GNOME Software (the ‘app store’) has cookie-like user tracking

Hello GNOME community,

This (long, sorry) post has three goals:

  1. Raise awareness for privacy-conscious users of a way that GNOME Software may violate your expectations, and what you can do about it.
  2. Get feedback from the community on whether I’m making a big deal out of nothing.
  3. Assuming others agree, getting some additional voices to speak up and persuade the GNOME Software maintainers to change their minds.

tl;dr for privacy-conscious users:

Run gsettings set org.gnome.software review-server "" if you want to be protected from all of this (this will disable seeing and submitting user reviews in GNOME Software).

There’s also a poll at the bottom that I hope you don’t skip if you engage in any part of this.

The situation

GNOME Software communicates with odrs.gnome.org, the server responsible for hosting user reviews. When fetching user reviews, the ODRS server requires a pseudonymous user ID. It’s basically a cookie, in that it gets sent in the background when data are fetched from the Internet, and can be used to correlate data requests with more accuracy than an IP address.

The user ID that GNOME Software computes for this operation is a hash of the machine ID and the user’s local username, along with a fixed salt (implementation). None of these things are trivial to change or clear, which makes this ID more persistent than a web cookie.

Again: this ID gets sent with the request every time reviews of an application are fetched. GNOME Software does this every[1] time it displays information about an application. So when you, say, right-click on an icon from the dash, and select ‘App Details’, the name of an application you have installed and a cookie that persistently identifies you as long as you don’t reset your machine ID or rename your user are sent to the ODRS server, and you are not notified.

The GNOME Software webpage doesn’t mention this, or link to ODRS.

The GNOME project-wide privacy policy also doesn’t link to ODRS.

The About dialog in GNOME Software doesn’t mention this, or link to ODRS.

Even the ODRS privacy policy describes the situation incompletely, mentioning that ‘User ID (hashed)’ is collected, but only for the purpose of ‘[t]o know what users have voted on each review, and to prevent abuse by users down or upvoting too many things’, which doesn’t cover merely fetching reviews. (To their credit, the odrs.gnome.org landing page does a better job of this.)

Why is the user ID sent for fetching reviews? Because the ODRS server sends back a token computed from the user ID with the response, and then requires that token if the user submits a review.

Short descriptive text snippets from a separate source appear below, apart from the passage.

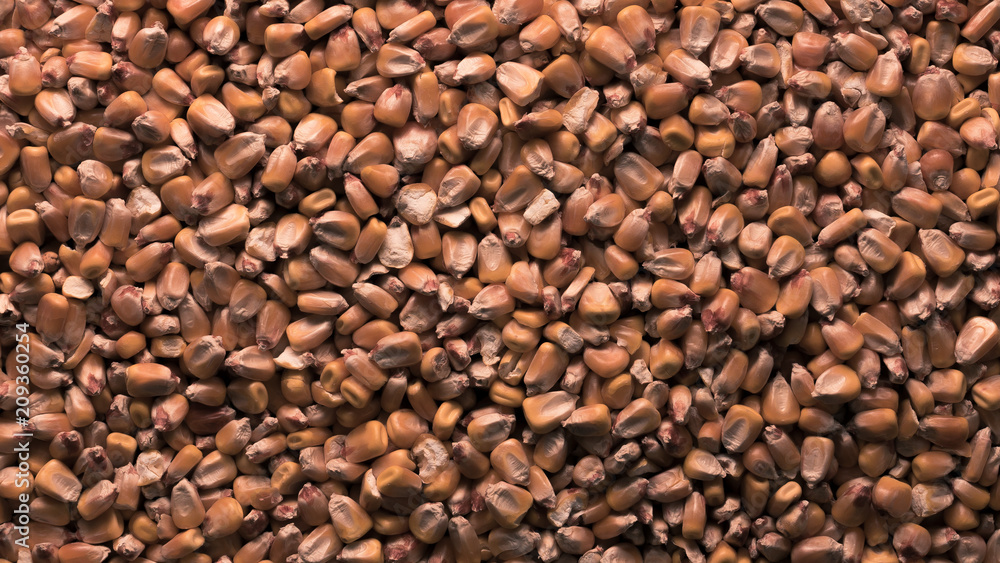 Corn grains closeup
Corn grains closeup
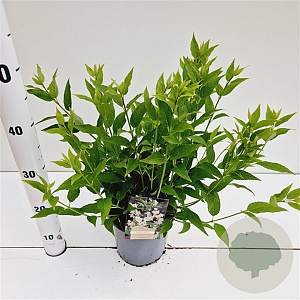 Deutzia gracilis 30-40 cm 2,5L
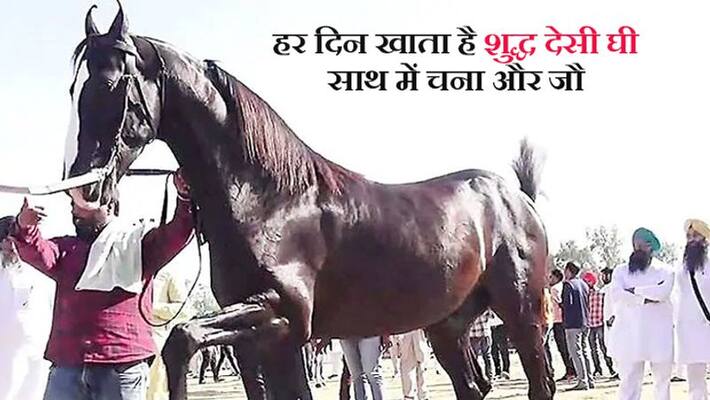 Shaan the fastest horse cost 10 crore rupees runs faster than express train kph Shaan the fastest horse cost 10 crore rupees runs faster than express train kph
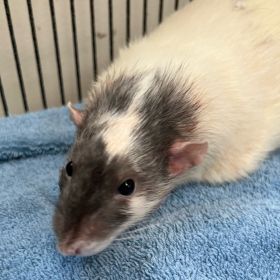 Meet Ratman, The Iowa And Illinois Pet Of The Week!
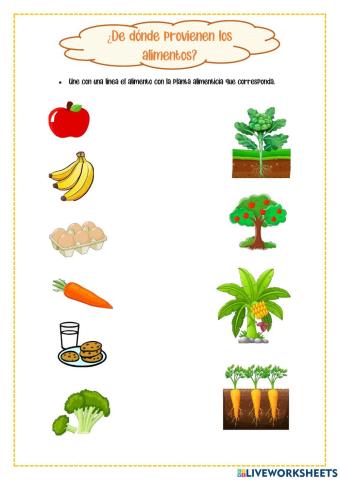 Plantas alimenticias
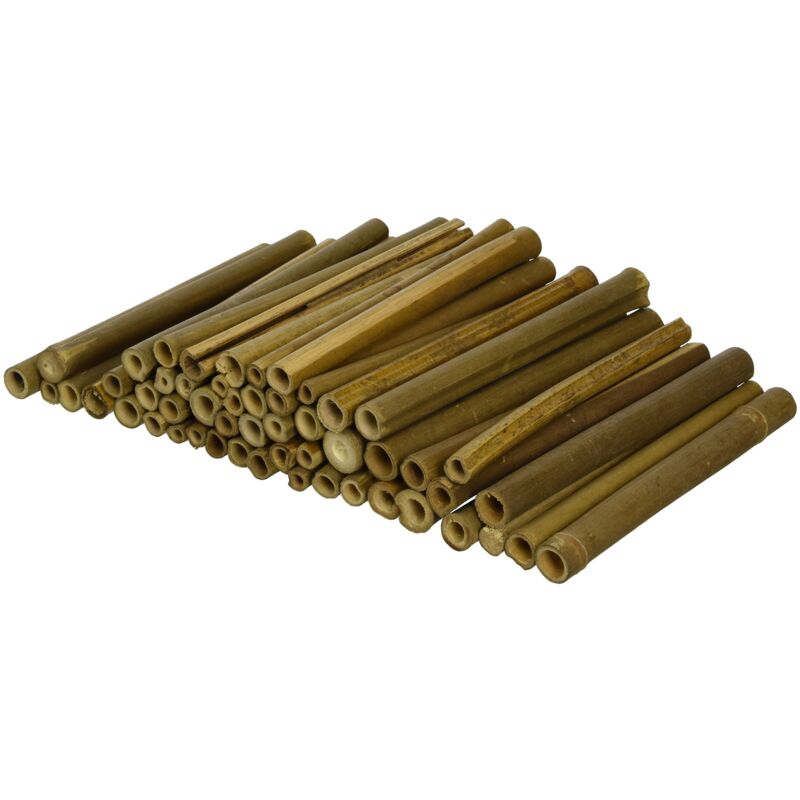 foto del prodotto btw1 tubi di nidificazione in legno per le api, pk 50, 7 10 mm x 150 mm wildlife world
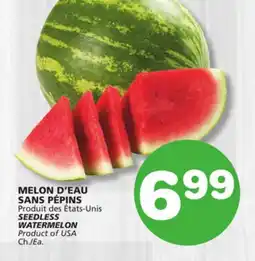 Marches Tradition SEEDLESS WATERMELON offer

The stated purpose of this two-step dance is to cut down on spam; a spammer writing a script has to make both requests, which is deemed a more challenging exercise than making one. There is no explanation given for why the token needs to be returned as part of the review fetching request that happens in the background every time GNOME Software displays application details, as opposed to a separate request issued only when needed.

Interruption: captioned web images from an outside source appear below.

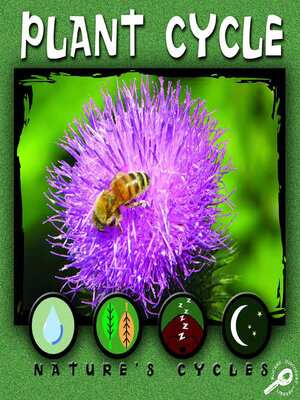 cover image of Plant Cylcle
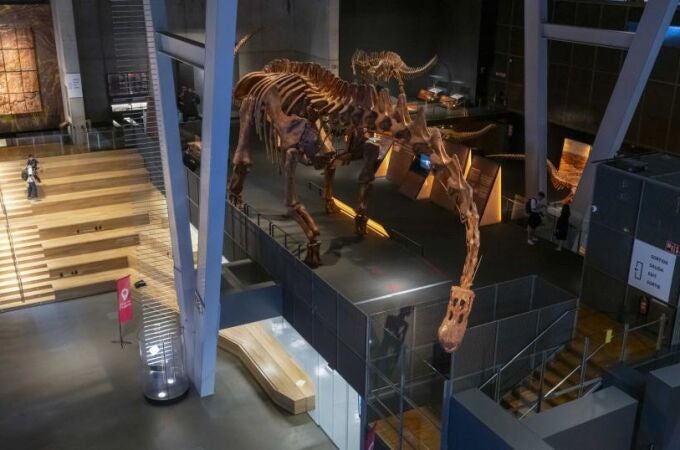 El CosmoCaixa de Barcelona amplía su exposición de dinosaurios con 5 huesos de Patagotitan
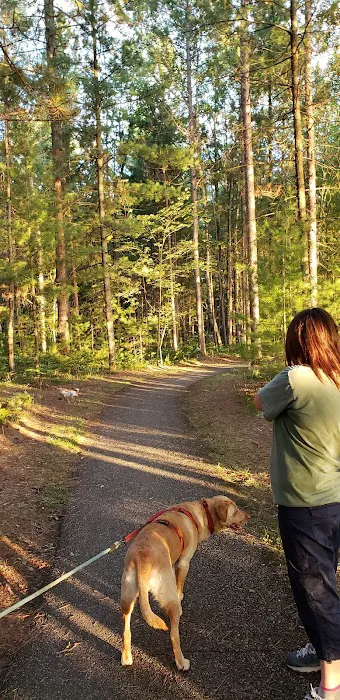 Camp Seven Lake Campground Picture 7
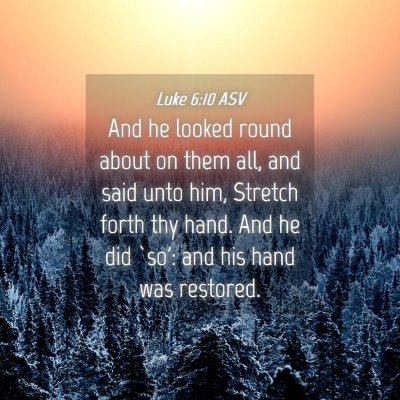 Picture 04 - Luke 6:10 ASV - And he looked round about on them all, and said - Bible Verse Picture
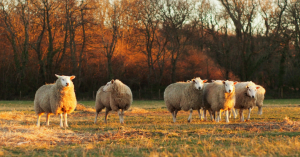 Schafe und Ziegen entwurmen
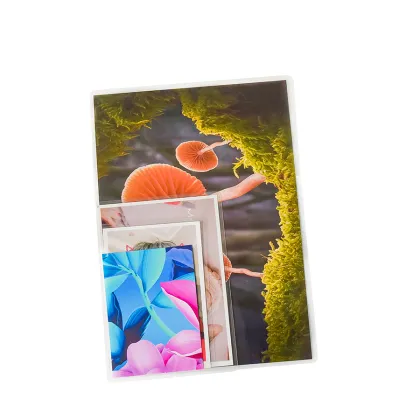 Lucky Photo Paper - Glossy/Matte, Waterproof Inkjet Photo Paper Roll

@pwithnall and @Richard_Hughes, two of the three GNOME Software maintainers (and in Richard’s case, the GDPR Data Protection Officer for ODRS), say that this is completely overblown.

  • The ODRS server software is open-source, and doesn’t store the association between user ID and application unless the user is submitting a review. (But if the server is behind some sort of proxy, and if that proxy has logs, then the association could be stored in those logs. Plus many similar quibbles; see ‘Do you trust the server?’ below.)
  • They assert that it is necessary to send the user ID along with requests for reviews to prevent abuse. (As described above, raising the cost from a one-request script to a two-request script is not much of a barrier to abuse, unless the ODRS server operators know something I don’t. Besides, getting the token needed for submitting reviews could be a separate request.)
  • And they don’t want to inform users or worse, ask for their consent, because they think it would be a distraction, confusing, or alarming to do so. (I have no fact-based rebuttal for this, but as a matter of opinion, I think it is deeply unethical to avoid asking for consent—in this and every other context—simply because asking might result in a ‘no’.)

Mitigations

For users

As the maintainers have noted, you can run

gsettings set org.gnome.software review-server ""

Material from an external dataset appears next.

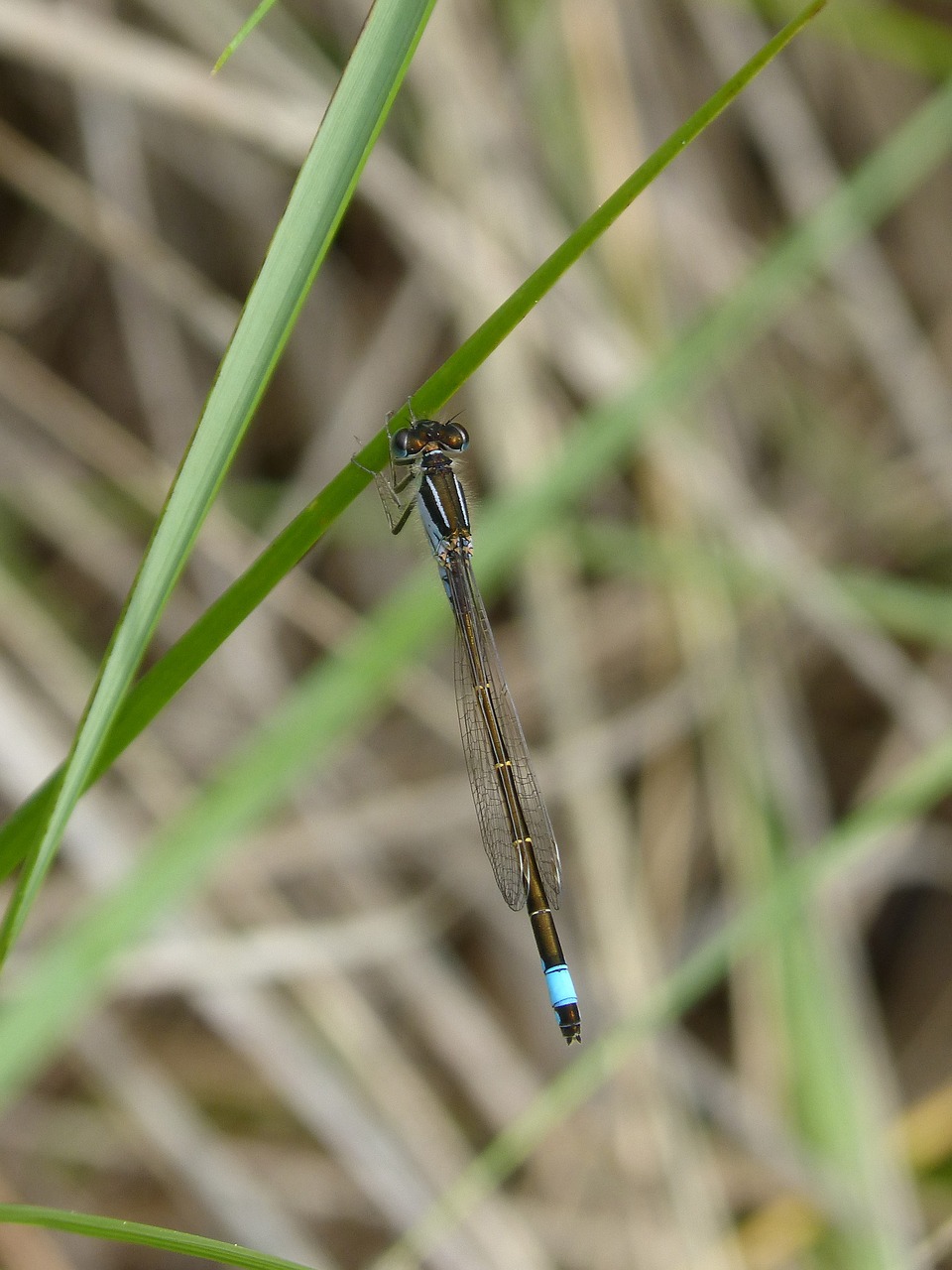 dragonfly  damselfly  ischnura graellsii free photo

in a terminal. This leaves most GNOME Software functionality intact but disables viewing and submitting user reviews. I recommend this to everyone for now!

For distributions

Privacy-oriented Linux distributions may want to patch the ODRS functionality out of GNOME Software, with the same effect as the user setting above. I don’t have a public patch available yet but I intend to create one and link it here if this situation doesn’t look like it will resolve.

For GNOME Software / ODRS

The issue here is the confluence of several things, any of which could be mitigated individually.

  • User ID is sent with review fetches
    • GNOME Software could send one request without an ID to get reviews, and another request to get the token needed to submit a review when it is needed. This wouldn’t require any changes to ODRS.
    • ODRS could be updated with a new request that just returns a token for reviews.
    • The two-request flow could be dropped, since how much of a barrier to spam is this really?
  • Users don’t know about the user ID
    • Link to the ODRS privacy policy from About and the GNOME Software webpage. (This is a partial mitigation but better than nothing.)
    • GNOME Software could ask for consent before sending a tracking identifier.
  • The user ID is hard to change
    • GNOME Software could use something other than hashing machine ID + username, like a random GUID stored somewhere in the user’s home. That would at least give users the option of ‘clearing cookies’. (This is a partial mitigation but better than nothing.)

As a mitigation of last resort, GNOME Software could stop using ODRS, temporarily (if another mitigation is pending) or permanently.

Why this matters

Given Richard’s assurances that nothing nefarious is going on here, why should you be expected to care?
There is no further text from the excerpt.